空き家数は日本全体で増加しているため新潟県に限ったことではありませんが、やはり都市部への人口流出、少子高齢化が大きな要因となっていることは否めません。
少し視点を変えてみても、意外な背景が見えてきます。
たとえば「平成30年住宅・土地統計調査」の結果によれば、新潟県は持ち家率が非常に高いことが分かります。
東京都などと比較してみると一目瞭然です。
都道府県 | 総住宅数 | 持ち家率 | 空き家率 |
東京都 | 7,672,000戸 | 45% | 10.6% |
大阪府 | 4,680,000戸 | 54.7% | 15.2% |
石川県 | 536,000戸 | 69.3% | 14.5% |
富山県 | 453,000戸 | 76.8% | 13.3% |
新潟県 | 995,000戸 | 74.0% | 14.7% |
富山県よりは持ち家率が低いですが、とはいえ総住宅数に大きな開きがありますので差し引いても持ち家率が高いと言えるでしょう。
東京都などの都市部と比較するとその差は歴然です。
たとえば子供が実家を出て都市部へ行ったとします。残されたご両親が亡くなられると、その家は空き家となります。
しかし子供たちは都市部へ家を建て(借り)るなどし、地元へは戻りません。地元という意識が薄れてしまう方も少なくありません。
結局、空き家となった実家は放置されたまま…というケースも珍しくないようです。
また、きょうだい(兄弟、姉妹、兄妹、姉弟)が多い家系も複雑です。ひとつの「土地」と「建物」をきょうだいみんなで相続した場合、売却などは全員の合意が必要になります。
そのうち一人でも亡くなった、あるいは連絡が取れなくなった場合などは、どうにもできず(手続きが面倒という理由も含め)放置してしまっている、というケースも実際にあります。
ただ、詳しくは後述しますが、新潟県もただ手をこまねいて見ているわけではないのです。
積極的に空き家の利活用への取り組みを進めたり、空き家の改修に関する補助金制度などを設けたりしています。
しかしながら、そうした取り組みを利用する人の数を上回るペースで、空き家数が増えてしまっているというのが現状です。
新潟県の空き家数が増加することによるリスク
やはり新潟県に限ったことではないのですが、空き家数が増加し続けると、さまざまなリスクが生じます。
犯罪の現場になりうる
空き家が増えるということは、隠れ家(ひと目につきにくい場所)が増えるということです。

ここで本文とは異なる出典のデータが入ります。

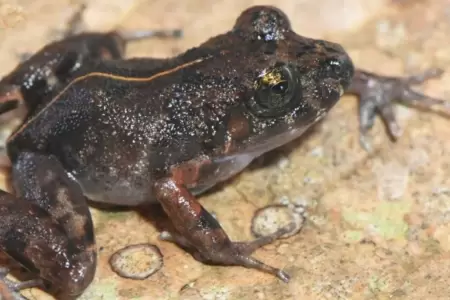 Nueva especie de rana encontrada en la selva peruana.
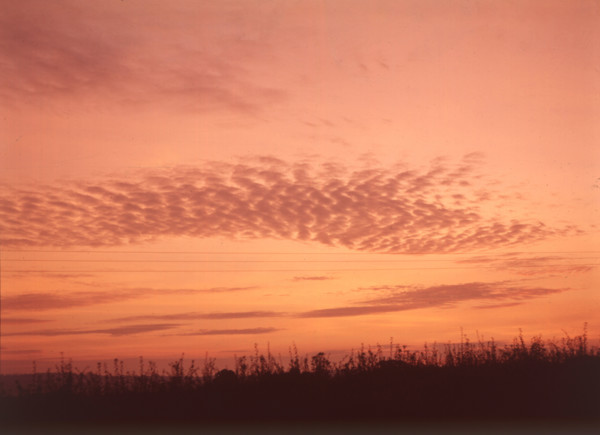 Sunset near Tonbridge, c1955. Creator: Arthur Charles Kirby Ware.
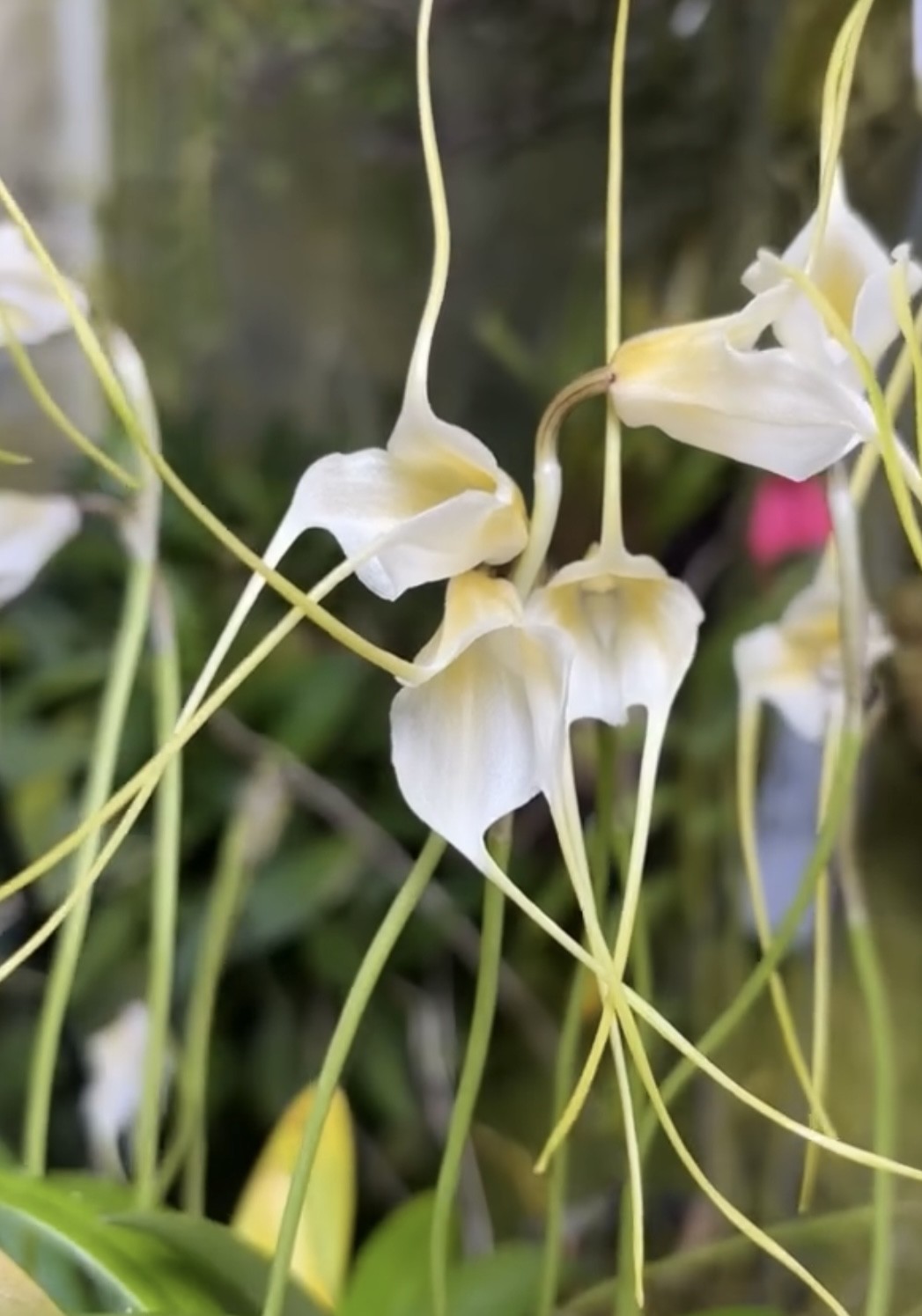 Masdevallia robineae Rare compact orchid species FRAGRANT bloom size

未成年者の喫煙、飲酒、違法薬物の取引、性犯罪、放火や不法投棄など、あらゆる犯罪の現場となりかねません。
近隣住民に危害が及ぶ
放置されたままの空き家はあっという間に老朽化が進みます。
強風、台風、竜巻などで屋根瓦や壁材、その他の設備や建材が飛散して隣家を直撃したり、人に当たったりすれば大ケガなどのリスクが生じます。
また地震などで倒壊し、隣家が被害を受ける可能性もありますし、ブロック塀が崩れて道を塞ぎ、緊急時の避難経路を妨害してしまうといったことも想定できます。
衛生面、環境面での影響も
害虫が発生する、ノラ猫やノラ犬が棲み着き糞尿や死骸、それらの腐敗臭が発生するといったことも考えられます。
草木が伸び切り、今にも崩れそうな空き家は、地域の景観も損ねてしまいます。
このように、空き家数が増加し続けることでさまざまなリスクが生じます。
悪いイメージがついてしまえば、そのエリアの市場価値や移住による人口増加にも影響を与えるかもしれません。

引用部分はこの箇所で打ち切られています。